Scientific classification
- Kingdom: Animalia
- Phylum: Chordata
- Class: Actinopterygii
- Order: Blenniiformes
- Family: Pomacentridae
- Genus: Abudefduf
- Species: A. lorenzi
- Binomial name: Abudefduf lorenzi Hensley & Allen, 1977
- Synonyms: Abudefduf lorentzi;

= Abudefduf lorenzi =

- Authority: Hensley & Allen, 1977
- Conservation status: LC
- Synonyms: Abudefduf lorentzi

Species of fish

Abudefduf lorenzi, commonly known as the black-tail sergeant, is a species of damselfish in the family Pomacentridae. It is native to the tropical western Pacific Ocean, where it ranges from the Philippines and the Maluku Islands to the Solomon Islands and Palau.

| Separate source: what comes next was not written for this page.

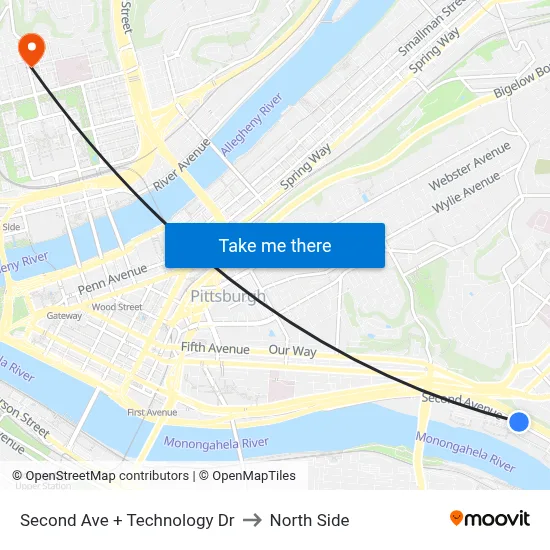 Second Ave + Technology Dr to North Side map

Adults of the species are typically seen along protected coasts at a depth of 1 to 6 m, often near breakwaters and docks, where they tend to occur in loose aggregations, although individuals are also frequently seen widely scattered around nearshore areas. The species is known to be oviparous, with individuals forming distinct pairs during breeding and males guarding and aerating eggs. Abudefduf lorenzi reaches 18 cm in total length.